The patches are available through the following commits:
Additional tracking information is available at the Debian CVE-2025-64438 Tracker.
Workarounds
- Restrict network access to DDS domain participants using firewall rules or network ACLs
- Implement process-level memory limits using ulimit -v or cgroups to contain memory exhaustion impact
- Deploy DDS over secure transport with authentication to reduce unauthenticated attack surface
- Consider using BEST_EFFORT QoS instead of RELIABLE where application requirements permit (vulnerability affects RELIABLE QoS)
# Configuration example - Set memory limits for Fast DDS processes
# Using ulimit to restrict virtual memory (in KB)

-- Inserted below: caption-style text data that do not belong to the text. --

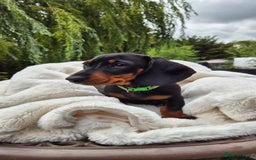 Miniature Dachshund dogs for sale: Ready Now Full Pedigree KC Reg Mini Dachshunds - Image 3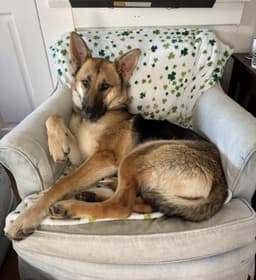 Sophie image 1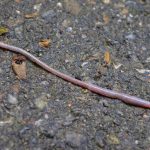 The Benefits of Worms in Your Garden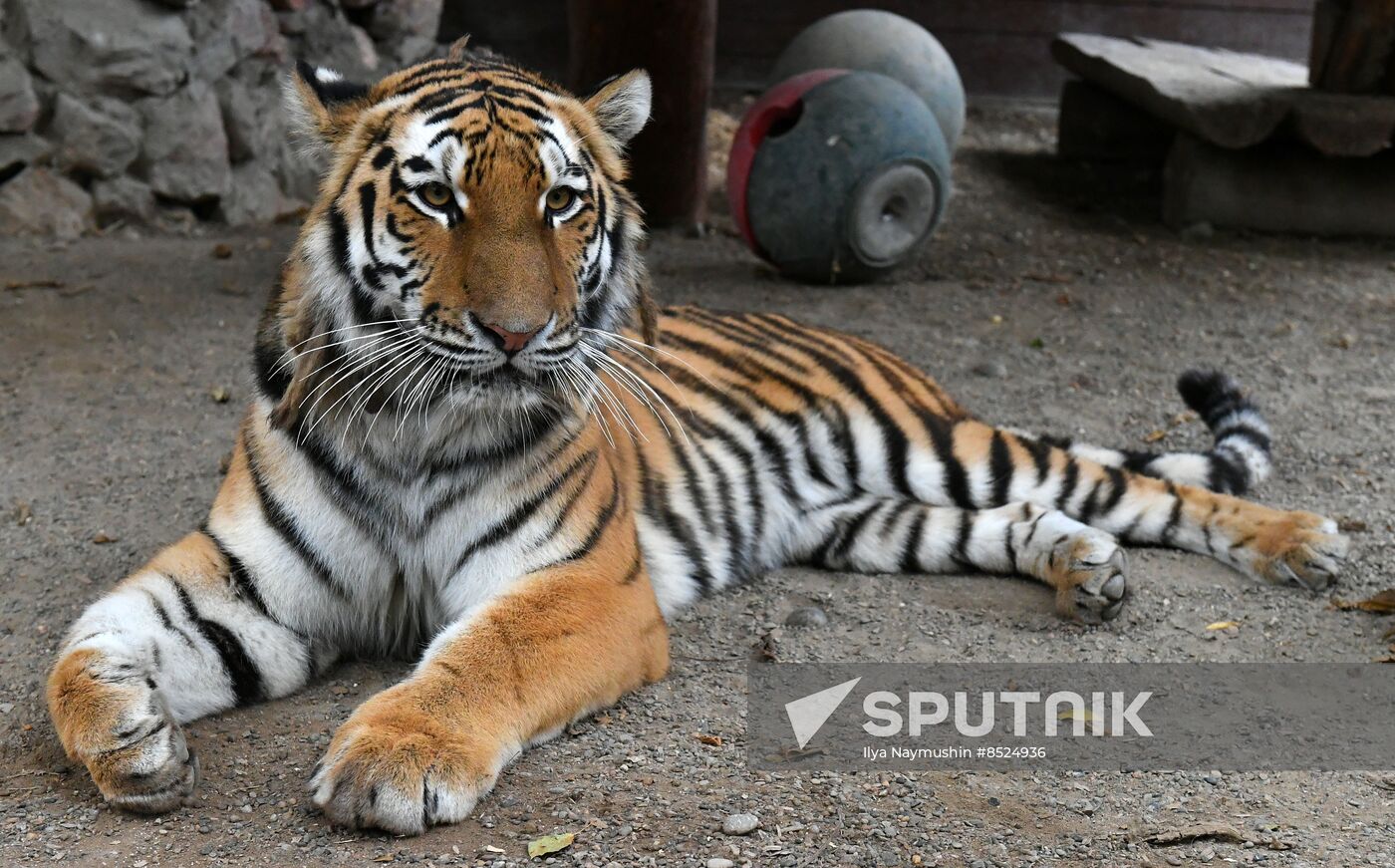 Russia Zoo Tigers
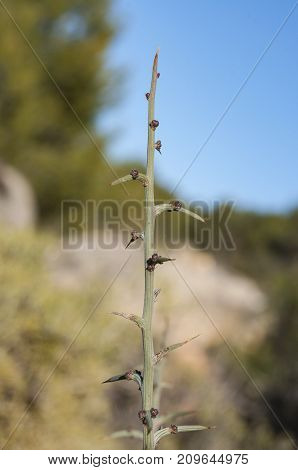 Detail of branches and leaves of the broom Genista scorpius. It is a species in the family Fabaceae native to France Spain and Northern Morocco. Photo taken in Buendia Cuenca Spain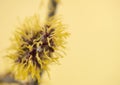 Bloom twig of witch hazel, Hamamelis mollis Royalty Free Stock Photo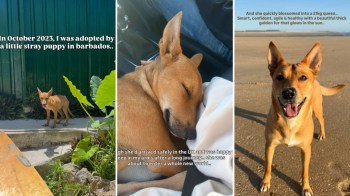 A dog stands outside near a green wall, a dog sleeps on a lap, and a dog plays on the beach.
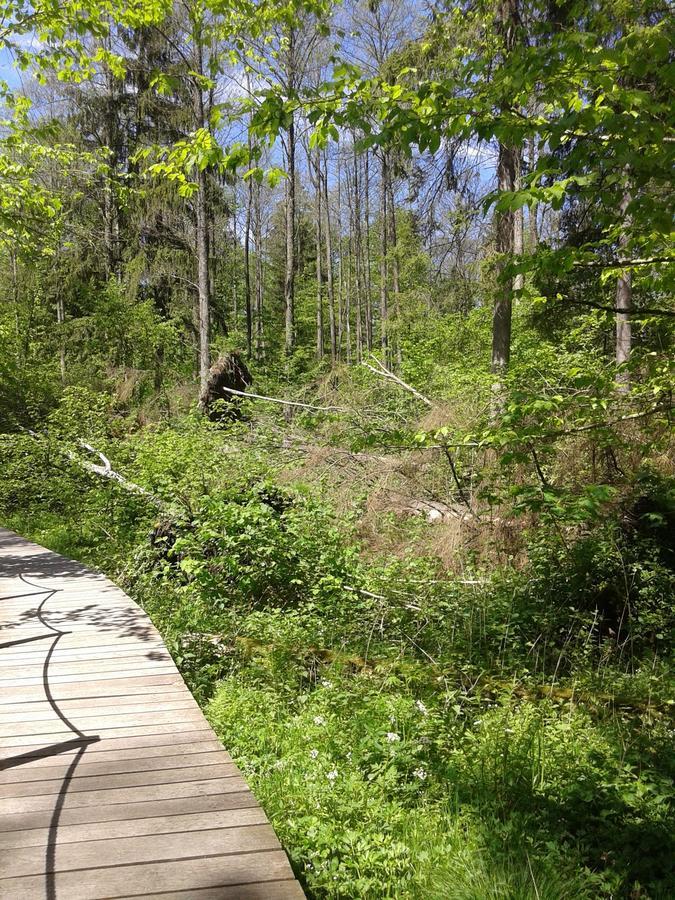 Cztery Pory Roku Guest House Bialowieza Luaran gambar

ulimit -v 4194304 # Limit to 4GB virtual memory
# Using cgroups for container-based deployments
# Create a cgroup with memory limit
cgcreate -g memory:/fastdds_limited
echo "4294967296" > /sys/fs/cgroup/memory/fastdds_limited/memory.limit_in_bytes
# Run Fast DDS application within the cgroup
cgexec -g memory:fastdds_limited ./your_dds_application
Disclaimer: This content was generated using AI. While we strive for accuracy, please verify critical information with official sources.